Automation is a hot trend in technology, especially within the vehicle industry. One of the main purposes of an automated vehicle is to maximize people’s usage of previously wasted time. Instead of being annoyed by unpleasant traffic every day and needing to commit their full focus, people can use this previously wasted time for work or for relaxation during their commute. However, an increasing number of tragedies have occurred due to the existence of automated vehicles. For example, back in May of 2016, a self-driving Tesla vehicle ran under a truck when two vehicles were both crossing the same road at high speed, ending in a fatal tragedy. Dismayed at these catastrophes, Dr. John Lee in the industrial and systems engineering department at UW-Madison decided to investigate automated driving safety and determine how people can better use their time in vehicles.

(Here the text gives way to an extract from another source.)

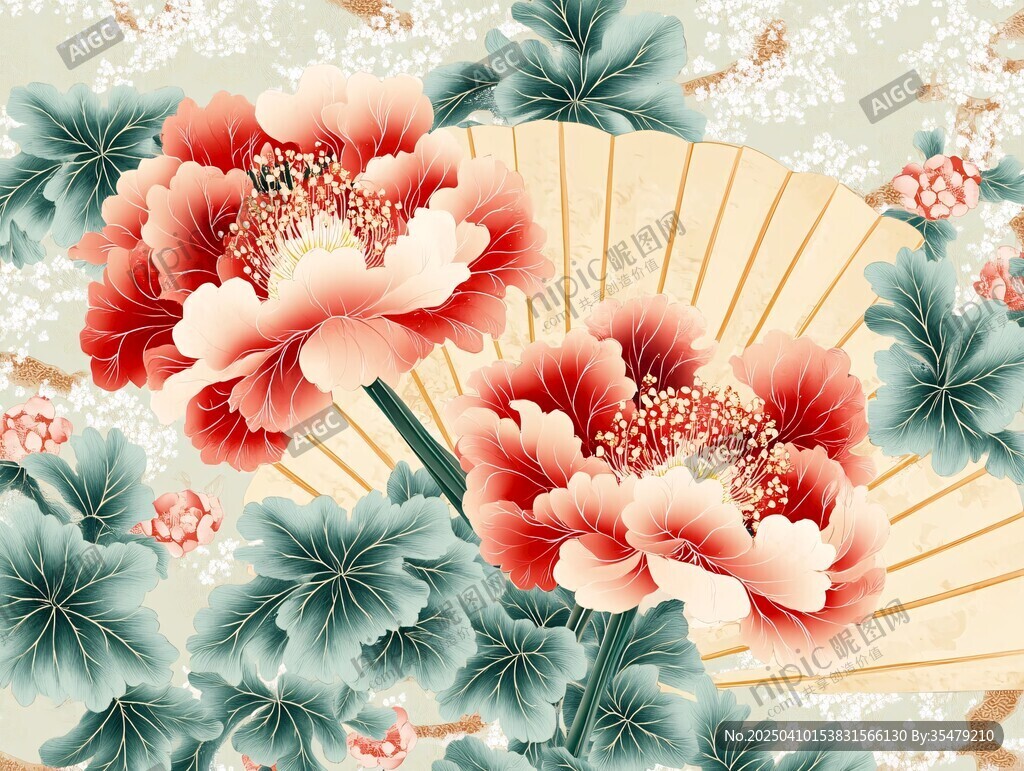 折扇上的牡丹花卉图案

Technology can help improve the safety of driving these autonomous vehicles by determining the speed and situations of other vehicles on the road. However, not all cases are the same. According to Lee, “There are some situations where if the drivers are not brought back to the roads, they would probably die.” Therefore, to ensure safety, the system must bring drivers back to the wheels at certain crucial points when the driver would otherwise put themselves or others in danger. There are several types of roads that the system cannot handle currently, such as branch roads and roundabout intersections. By assigning the tier characters to each kind of environment, the system determines whether it should request driver control. For example, when encountering a roundabout intersection, the system only takes care of entering the intersection, but the road to exit needs to be determined by the driver. If the driver is not responsive after requesting, the vehicle would be automatically directed to a safe place and stop, waiting for the driver to take back the wheel. In this way, the system does its best to ensure the driver’s safety.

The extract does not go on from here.